The Narrowing Gender Gap

Autism has long been considered far more common in boys, with historical ratios around 4 to 1. That gap is shrinking fast. A large population-based study published in The BMJ found that by 2022, the cumulative male-to-female ratio for autism diagnoses had dropped to 1.2 to 1 by age 20. Among those diagnosed between 2020 and 2022, the ratio was no longer greater than 1 for individuals over age 15, meaning girls and women in that age range were being diagnosed at the same rate as boys and men.

The study projected that the gender ratio could reach full parity by 2024. Researchers point to several factors. Girls and women tend to have stronger social and communication skills on average, which can mask autistic traits and delay diagnosis. They’re also more likely to “camouflage,” picking up behavioral cues from peers and mimicking speech or facial expressions. Co-occurring conditions like anxiety or depression can also overshadow autism in clinical settings, leading to missed diagnoses. The rising rate of female diagnoses likely reflects better recognition of how autism presents in girls and women rather than an actual increase in occurrence.

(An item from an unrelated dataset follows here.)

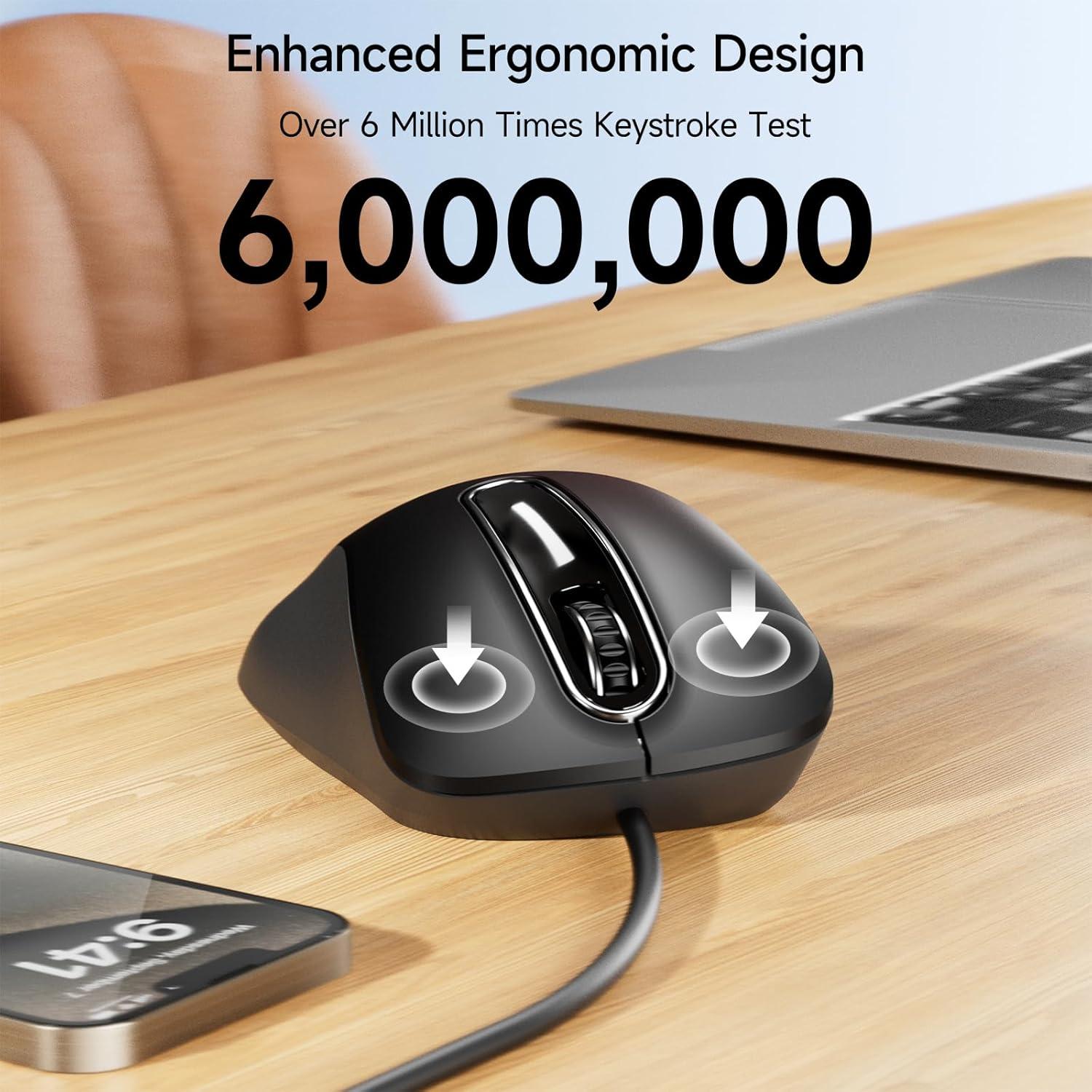 Ratón con Cable Memzuoix 1200 DPI Ergonómico Negro 1.5 m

Why the Numbers Keep Rising

The steady climb in autism prevalence over the past two decades is one of the most common sources of confusion. The increase is driven primarily by changes in how autism is defined, recognized, and diagnosed rather than by a true surge in the condition itself.

When the diagnostic manual shifted from its fourth edition to its fifth (DSM-5) in 2013, several previously separate diagnoses, including Asperger’s syndrome and pervasive developmental disorder not otherwise specified, were folded into a single autism spectrum disorder category. Research comparing the two systems found that roughly 9% to 54% of people diagnosed under the older criteria wouldn’t meet the newer ones, with a median of about 30%. But the broader public awareness that came with the DSM-5 era, combined with better screening tools and expanded access, has more than offset any narrowing of the clinical definition.

Greater screening in communities of color, increased recognition in girls, and a growing willingness among adults to seek evaluation have all contributed to the rising numbers. Each time the CDC updates its estimates, the increase primarily reflects people who were always autistic but are now being identified.

Economic Scale

The financial impact of autism in the U.S. is substantial. A CDC-published forecast estimated that combined costs, including medical care, support services, and lost productivity, would reach approximately $461 billion annually by 2025. That figure represents roughly 1.6% of the nation’s GDP. The range of estimates is wide, from $276 billion to over $1 trillion, depending on assumptions about prevalence and per-person costs. These numbers encompass not just healthcare but also special education, workplace accommodations, and the economic impact on family caregivers who reduce work hours or leave jobs entirely.